Vivemos tempos paradoxais no nosso espaço público. A política e sobretudo o comentário político ocupam significativo espaço nos mais diversos meios de comunicação social, nomeadamente em canais de televisão, jornais, páginas da Internet, redes sociais. No entanto, o debate político raramente pareceu tão estreito nos seus temas e abordagens. Com honrosas e esporádicas exceções, as análises convergem nas velhas interpretações e posições do "centrão", alimentadas por uma relação, por vezes de manifesta cumplicidade, entre jornalistas, ex-detentores de cargos políticos e atuais atores políticos. A informação que recebemos surge-nos "contextualizada" e "cristalizada" em opiniões esvaziadas de capacidade crítica. Nessa formatação do comentário político, não cabem alguns dos fundamentais conteúdos novos e das dinâmicas que a conjuntura política que vivemos vai despoletando.
Pode acrescentar-se, com ironia, que o facto de o Presidente da República ser o mais qualificado dessa velha escola – e não se escusar a analisar e a comentar todos os factos e cenários – esvazia os conteúdos àqueles analistas. A alguns, resta-lhes o recurso à manipulação.
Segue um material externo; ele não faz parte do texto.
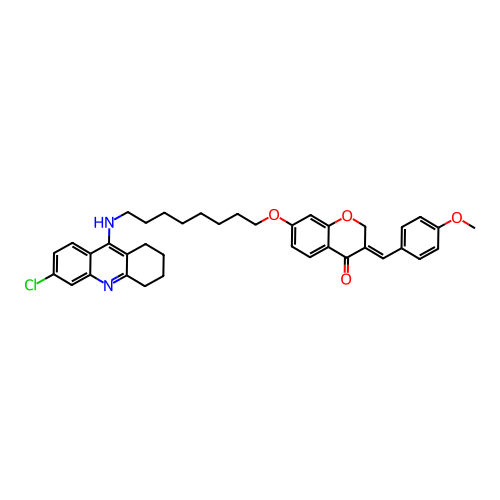 Chemical structure of BindingDB Monomer ID 50443671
Um bom exemplo dessa manipulação de informação deu-se na última semana, aquando da publicação dos últimos números relativos ao crescimento económico que, em geral, excederam as expectativas. Como tal aceleração contraria a narrativa dominante ao longo do último ano, que afirmava a impossibilidade de êxito das políticas do Governo, rapidamente nos vieram explicar que esse crescimento tinha sido “impulsionado pelo investimento e pelas exportações”. Com toda a desfaçatez fazem de conta que o consumo nada tem a ver com o investimento, ignoram as alterações de comportamento das pessoas e das empresas face a indicadores de ordem política que lhes dão confiança, chegam mesmo a entrar na credibilização do raciocínio quadrado com que Passos Coelho pretende obter a paternidade daquele sucesso.
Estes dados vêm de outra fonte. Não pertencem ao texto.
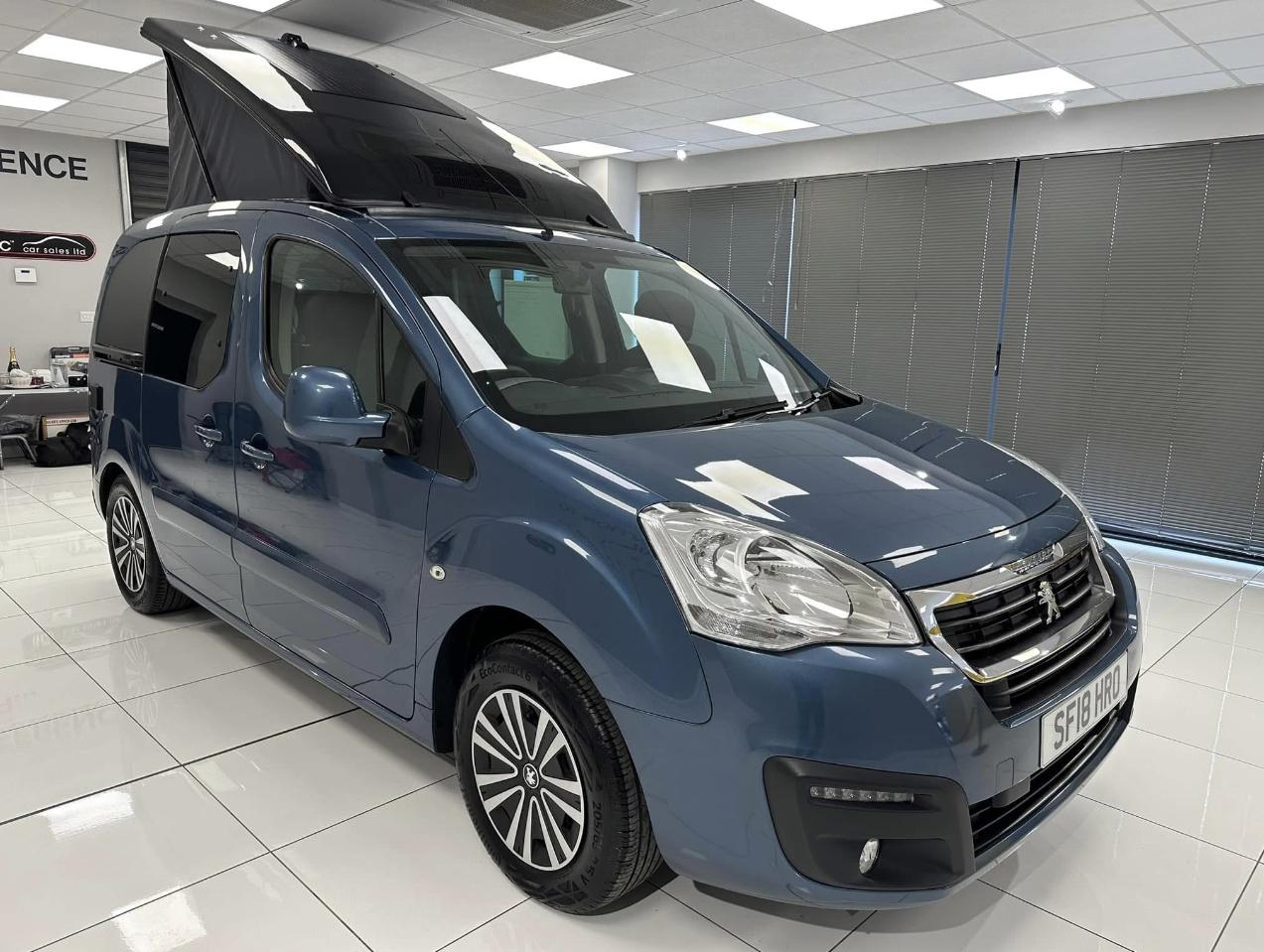 Peugeot Partner Tepee MICRO CAMPER *AWAITING CONVERSION! 1.6 BlueHDi Allure MPV 5dr Diesel Manual Euro 6 ULEZ compliant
Entretanto, há questões cruciais que praticamente não são (e deviam ser) discutidas no espaço público. Em primeiro lugar, o caso da estratégia de Portugal na União Europeia (UE). Devemos procurar integrar o “núcleo duro” que se desenha em torno da Alemanha e da França, sujeito a regras que nos prejudicam, ou antes, defender com outros países em posição semelhante a Portugal, um redesenho da União em que haja lugar para todos?
Em segundo lugar, o emprego e a qualidade do emprego que estão a ser criados. Há dados que parecem mostrar que, apesar da redução do desemprego e da criação de novo emprego, se mantém em curso o processo de desvalorização dos salários que foi e será a principal causa da perda de população, em particular a mais jovem e preparada. Aquela tendência a confirmar-se decorre, pelo menos em parte, de alterações no enquadramento legal das relações de trabalho ocorrido nos anos da Troica e da propagação da precariedade. Devemos conformar-nos com o desequilíbrio instalado nas relações laborais, ou antes combatê-lo e contrariá-lo?
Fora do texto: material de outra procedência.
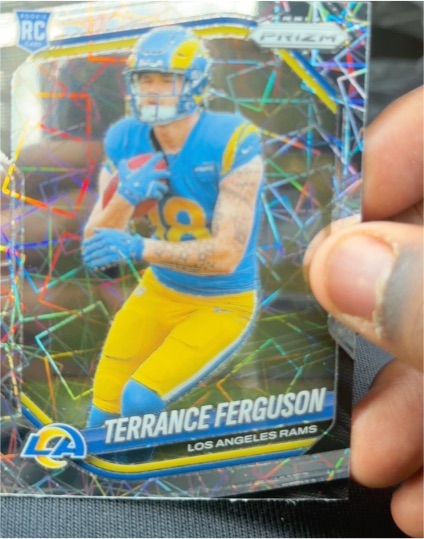 2025 Panini Prizm #379 Terrance Ferguson — front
Em terceiro lugar, a segurança social e o cerne das políticas sociais – que em grande parte dependem do valor que atribuímos ao trabalho e ao emprego - constituem, sem dúvida, áreas vitais para o desenvolvimento e o bem-estar futuro da sociedade portuguesa. Deixamos que “as regras do mercado” e o individualismo exacerbado se vão impondo, ou encaramos tensões e problemas existentes e definimos compromissos coletivos a assumir?
Em quarto lugar, a saúde a educação e outros serviços públicos, todos eles debilitados por cortes e cativações ao longo dos anos. Devemos continuar a comprimi-los para conseguir excedentes orçamentais que possam trazer a dívida pública para os níveis exigidos pelas regras da UE, ou lutamos para fazer prevalecer o Estado Social mobilizando a sociedade para a sua defesa e atualização?
A política não está em fuga. Pode até reganhar centralidade com os anseios das pessoas mais presentes. Mas são precisas opiniões consistentes, vindas dos diversos quadrantes e sensibilidades da sociedade, que se afastem do comentário de entretenimento do “centrão” e tratem seriamente os problemas, que é preciso discutir e resolver.